European spot trading accounts for 10 percent to 15 percent of the region’s carbon market, according to the EU estimates. Trading in futures wasn’t halted by the crisis, and allowances for December lost 0.4 percent to 15.29 euros in London on ICE.

Hedegaard said earlier this month that the commission was mulling a “delay mechanism” to protect it from speculation and crime. The commission and member states will discuss introducing a 48-hour delay on delivery of spot carbon allowances, a person with knowledge of the matter said today.

The mechanism will provide extra time for the transfer of permits between user accounts in the registries that track ownership of the allowances, said the person, who asked not to be identified because the consultations are private.

Carbon Derivatives

An analysis by the EU regulator in December showed that while trading in carbon derivatives already falls under financial-markets regulation and is subject to appropriate oversight, the regime for spot trading requires further examination. One available option was the classification of carbon allowances as a financial instrument, it said.
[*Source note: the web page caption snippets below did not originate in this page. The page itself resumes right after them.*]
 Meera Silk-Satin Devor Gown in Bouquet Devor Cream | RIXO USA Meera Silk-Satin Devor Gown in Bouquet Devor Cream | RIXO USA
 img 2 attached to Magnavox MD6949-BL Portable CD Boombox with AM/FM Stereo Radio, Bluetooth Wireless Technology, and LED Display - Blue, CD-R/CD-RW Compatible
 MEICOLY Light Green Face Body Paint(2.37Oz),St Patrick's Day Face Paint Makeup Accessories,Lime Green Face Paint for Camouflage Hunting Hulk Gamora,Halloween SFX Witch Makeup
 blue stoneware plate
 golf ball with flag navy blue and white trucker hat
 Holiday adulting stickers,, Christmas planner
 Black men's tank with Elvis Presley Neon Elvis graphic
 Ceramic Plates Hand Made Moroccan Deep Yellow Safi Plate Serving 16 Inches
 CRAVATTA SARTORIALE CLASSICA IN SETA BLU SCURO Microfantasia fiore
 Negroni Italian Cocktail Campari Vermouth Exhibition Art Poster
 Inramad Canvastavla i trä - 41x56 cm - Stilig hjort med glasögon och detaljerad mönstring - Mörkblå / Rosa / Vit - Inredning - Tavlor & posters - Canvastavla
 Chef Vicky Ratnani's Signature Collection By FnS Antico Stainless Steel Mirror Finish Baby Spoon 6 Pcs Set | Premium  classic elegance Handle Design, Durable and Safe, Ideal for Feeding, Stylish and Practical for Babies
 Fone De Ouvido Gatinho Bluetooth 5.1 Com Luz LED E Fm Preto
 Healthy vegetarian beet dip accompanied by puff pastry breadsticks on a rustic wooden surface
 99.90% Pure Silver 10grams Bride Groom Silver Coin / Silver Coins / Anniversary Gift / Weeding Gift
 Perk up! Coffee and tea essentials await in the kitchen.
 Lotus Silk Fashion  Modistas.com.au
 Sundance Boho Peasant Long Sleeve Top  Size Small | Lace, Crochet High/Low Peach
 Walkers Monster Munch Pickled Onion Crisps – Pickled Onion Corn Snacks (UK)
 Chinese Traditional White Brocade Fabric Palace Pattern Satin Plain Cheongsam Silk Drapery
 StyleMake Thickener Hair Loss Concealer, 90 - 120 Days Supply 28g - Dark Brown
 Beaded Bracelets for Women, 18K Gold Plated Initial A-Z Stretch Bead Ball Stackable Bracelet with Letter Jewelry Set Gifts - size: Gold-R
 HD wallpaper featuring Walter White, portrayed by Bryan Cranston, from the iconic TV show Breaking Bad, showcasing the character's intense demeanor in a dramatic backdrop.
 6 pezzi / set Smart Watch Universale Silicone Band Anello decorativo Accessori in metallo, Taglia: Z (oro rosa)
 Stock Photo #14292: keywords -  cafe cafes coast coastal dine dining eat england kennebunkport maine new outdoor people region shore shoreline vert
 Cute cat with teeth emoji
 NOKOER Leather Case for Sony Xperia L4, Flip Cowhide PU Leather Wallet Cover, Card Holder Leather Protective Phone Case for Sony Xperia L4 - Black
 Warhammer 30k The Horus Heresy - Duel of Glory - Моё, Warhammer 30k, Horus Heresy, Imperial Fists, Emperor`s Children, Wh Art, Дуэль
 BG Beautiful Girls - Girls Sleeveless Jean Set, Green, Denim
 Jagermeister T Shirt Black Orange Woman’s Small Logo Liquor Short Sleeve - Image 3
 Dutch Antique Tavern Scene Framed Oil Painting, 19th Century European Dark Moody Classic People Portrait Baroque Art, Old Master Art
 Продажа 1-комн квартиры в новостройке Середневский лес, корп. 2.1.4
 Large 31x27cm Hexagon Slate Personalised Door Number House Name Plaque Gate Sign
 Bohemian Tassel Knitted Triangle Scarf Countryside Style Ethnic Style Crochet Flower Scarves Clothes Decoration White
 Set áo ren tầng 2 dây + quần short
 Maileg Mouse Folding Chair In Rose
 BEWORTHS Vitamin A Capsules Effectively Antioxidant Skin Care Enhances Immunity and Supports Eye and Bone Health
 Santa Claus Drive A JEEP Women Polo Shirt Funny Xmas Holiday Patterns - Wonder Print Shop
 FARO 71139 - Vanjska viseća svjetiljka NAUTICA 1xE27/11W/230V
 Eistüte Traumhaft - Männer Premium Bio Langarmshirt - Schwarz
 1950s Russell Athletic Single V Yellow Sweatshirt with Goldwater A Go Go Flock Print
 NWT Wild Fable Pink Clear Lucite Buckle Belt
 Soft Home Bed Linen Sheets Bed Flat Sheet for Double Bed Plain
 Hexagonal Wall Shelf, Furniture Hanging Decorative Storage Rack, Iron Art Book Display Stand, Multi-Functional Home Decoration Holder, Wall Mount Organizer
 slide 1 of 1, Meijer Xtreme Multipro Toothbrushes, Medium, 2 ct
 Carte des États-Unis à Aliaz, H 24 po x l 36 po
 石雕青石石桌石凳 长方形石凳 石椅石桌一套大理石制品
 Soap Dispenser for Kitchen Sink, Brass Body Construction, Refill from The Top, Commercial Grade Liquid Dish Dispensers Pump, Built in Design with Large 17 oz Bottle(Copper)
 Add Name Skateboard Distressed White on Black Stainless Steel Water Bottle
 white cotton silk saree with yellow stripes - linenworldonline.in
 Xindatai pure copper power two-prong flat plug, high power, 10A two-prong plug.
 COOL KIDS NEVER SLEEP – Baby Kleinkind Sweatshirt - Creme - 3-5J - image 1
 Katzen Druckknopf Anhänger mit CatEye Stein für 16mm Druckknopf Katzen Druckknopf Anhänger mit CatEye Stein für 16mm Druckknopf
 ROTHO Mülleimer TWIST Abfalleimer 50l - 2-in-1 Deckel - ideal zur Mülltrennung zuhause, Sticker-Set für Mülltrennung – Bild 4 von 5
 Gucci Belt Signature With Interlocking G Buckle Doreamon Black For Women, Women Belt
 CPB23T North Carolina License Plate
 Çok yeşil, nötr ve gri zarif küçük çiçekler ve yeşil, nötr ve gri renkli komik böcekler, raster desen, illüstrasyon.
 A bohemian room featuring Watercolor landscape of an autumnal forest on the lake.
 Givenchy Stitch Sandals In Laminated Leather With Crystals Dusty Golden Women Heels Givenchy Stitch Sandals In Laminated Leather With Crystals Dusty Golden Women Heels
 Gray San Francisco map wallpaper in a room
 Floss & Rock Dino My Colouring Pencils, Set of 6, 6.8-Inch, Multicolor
The commission “will intensify work to make the European carbon market subject to appropriate financial-markets legislation,” it said today. “The commission will bring forward and shortly initiate a public consultation on enhanced carbon-market oversight.”

Last month’s attacks on the EU carbon market followed “carousel fraud” involving value-added tax collection and password “phishing” last year. Holcim Ltd., a Swiss cement maker, reported 1.6 million permits missing from its account in November and managed to track 600,000 of them. Italian energy trader TCIE Srl, operating under the name The Cube Energy, still hasn’t found around 268,000 allowances that disappeared from the registry last month.

Missing Allowances

Both TCIE and Holcim are suing the commission, demanding help in locating the missing allowances and seeking as much as 100,000 euros a day in penalty payments.

Some member states and firms neglected security rules, Jos Delbeke, director general for climate at the commission, said on Jan. 28. Organized crime may be responsible for the theft, and national authorities are working with Europol to catch the criminals, he said.

Still, even as the three countries attacked by hackers in January managed to locate some of the missing permits, legal questions about how to prevent recirculation of the stolen allowances and how to recover them are keeping investors away from spot trading. The EU has said the recovery of any allowances transferred illegally has not been harmonized in the 27-nation bloc and is a matter for national law and local enforcement authorities.

“The topics to be discussed at a meeting next month will include how to deal with stolen allowances and how to prevent thefts in the future,” said Isaac Valero-Ladron, EU climate spokesman.